27/1/12

RELIGARE

Todos sois hijos de la luz e hijos del día. No somos de la noche ni de las tinieblas
(Juan) 
 
 
El etnocentrismo, como forma de prejuicio, es inherente no solo al sentir religioso, sino también al político, científico y al social en general. Este rechazo a lo diferente emanado de las religiones institucionalizadas en general, y la Católica en particular, unido casi siempre al afán de hegemonía (tan alejado y opuesto al de los entes humanos y/o espirituales que los inspiraron), ha dejado una triste y marcada huella en el devenir histórico del hombre.

Sin embargo, es justo convenir que no solo el fanatismo religioso ha sido obstáculo en el proceso de elevación de la criatura humana, pues la soberbia y el ostracismo cultural- materialista surgido más tarde por parte de la ciencia, también ha contribuido al proceso de obnubilación interior que como individuos y sociedad arrastramos. Las teorías negacionistas surgidas de las Academias han reforzado este mecanismo de fuga (de nuestra realidad esencial) y aportado su parte al hombre, incapaz de percibirse como ente espiritual y no sólo fenómeno biológico.

Aceptémoslo desde la compresión libre de prejuicios y sistemas: el absolutismo religioso y el materialismo cultural se han erigido como fuerzas contrarias y/o entorpecedoras de la evolución humana, una tendencia tan característica del paradigma que se desmorona tras siglos de pervivencia.

Aunque Religión y Ciencia, como fuerzas institucionalizadas, han tenido y tienen determinados papeles que resultan acertados o útiles dentro del organigrama social, ninguna de las dos han percibido el hilo luminoso que une todos los credos y las culturas (exceptuando, claro está,  aquellos individuos y movimientos desde ámbitos no oficiales).

En cualquier caso es irrefutable que durante más de mil años, el absolutismo católico (que en poco tiene que ver con el cristianismo verdadero) ahogó el mensaje sencillo y liberador del Nazareno dentro del fastuoso aparato organizador de la Iglesia, siendo en realidad apenas un mero cambio de “vestuario” que supuso pasar de la pompa de los césares romanos a la de los papas. Distintos disfraces y un mismo propósito: la manipulación y el poder. Su pretenciosa declaración de ser la única vía de salvación, hizo aguas por si misma al apartarse de toda recomendación crística y unirse a los poderes mundanos que representaban los intereses del Estado, en lugar de aliarse con las necesidades del corazón humano.

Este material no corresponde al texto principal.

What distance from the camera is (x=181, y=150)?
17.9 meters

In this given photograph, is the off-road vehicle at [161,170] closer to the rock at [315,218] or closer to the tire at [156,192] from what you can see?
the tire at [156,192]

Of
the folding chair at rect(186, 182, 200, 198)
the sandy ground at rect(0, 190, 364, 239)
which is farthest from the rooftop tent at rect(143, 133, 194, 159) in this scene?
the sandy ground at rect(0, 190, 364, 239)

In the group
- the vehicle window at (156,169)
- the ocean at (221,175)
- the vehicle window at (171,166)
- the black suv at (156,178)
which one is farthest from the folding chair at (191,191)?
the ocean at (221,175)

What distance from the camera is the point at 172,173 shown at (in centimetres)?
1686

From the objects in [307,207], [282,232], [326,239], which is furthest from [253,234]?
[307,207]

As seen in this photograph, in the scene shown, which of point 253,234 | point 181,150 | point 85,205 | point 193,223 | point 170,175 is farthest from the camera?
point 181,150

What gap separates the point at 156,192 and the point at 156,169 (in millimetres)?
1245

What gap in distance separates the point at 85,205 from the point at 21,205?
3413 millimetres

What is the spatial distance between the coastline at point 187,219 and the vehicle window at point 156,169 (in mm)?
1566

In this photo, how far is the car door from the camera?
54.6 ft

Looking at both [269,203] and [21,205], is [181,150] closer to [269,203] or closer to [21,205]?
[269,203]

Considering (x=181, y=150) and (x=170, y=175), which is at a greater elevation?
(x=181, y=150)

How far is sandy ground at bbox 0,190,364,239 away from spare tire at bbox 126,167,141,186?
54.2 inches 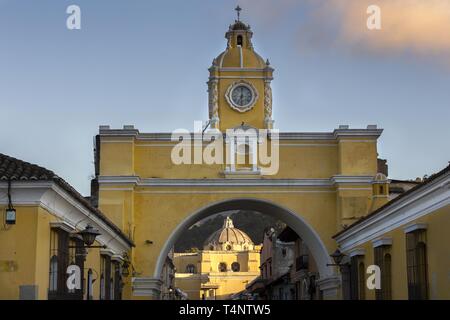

Es normal que en los siglos posteriores, la religiosidad limita y utilitarista de la curia católica, ya algo agotada en sus pretensiones y excesos (a golpes de liturgia exterior y escasa iluminación interna), se fuera apagando, y con ella, el respeto-temor que ejercía en las conciencias, especialmente a partir del periodo de la Ilustración y definitivamente con los efectos de la Revolución francesa. A la sed ciudadana de justicia social, se une el deseo de reivindicación de la espiritualidad intrínseca en cada individuo, y la necesidad de canalizarla no ya mediante los estamentos de un dogmatismo impuesto, sino a través de la experiencia personal.

Primeramente dentro del anonimato de sociedades secretas, la necesidad de espiritualidad no queda satisfecha tan solo con las aportaciones naturalistas del positivismo del s. XIX, y esto lleva un siglo más tarde (amparados por escenarios ya en su mayoría democráticos) al encuentro de la filosofía proveniente de las fuentes orientales, que preservaron la capacidad de transformación y desarrollo espiritual como fin último, algo muy diferente a la manipulación secular occidental del pontificado romano.

Buda y Lao Tse resaltan la no-dualidad (conexión de todos y el Todo) y la práctica de la gimnasia mental; Jesús enfatiza el amor al prójimo y con esto la práctica del perdón. Las dos vías representan el punto de inflexión necesario que conduce a la liberación y el auto-encuentro de la humana experiencia.

Pese al natural acercamiento a la religiosidad de oriente, el mensaje del Cristo sigue siendo la más depurada expresión de espiritualidad humana, universal e intemporal; por esto, a mediados del XIX, la Revelación Espiritista reivindica los valores del cristianismo primitivo mediante el mensaje de los Espíritus. La doctrina codificada por el educador, hombre de ciencia y humanista Hippolyte Denizard Rivail (más tarde con el pseudónimo de Allan Kardec), surge como la enseñanza genuina, limpia y trasformadora, ajena a cualquier forma externa de religiosidad y sin necesidad de ninguna iglesia que la represente que no sea el templo de la naturaleza y el corazón humano.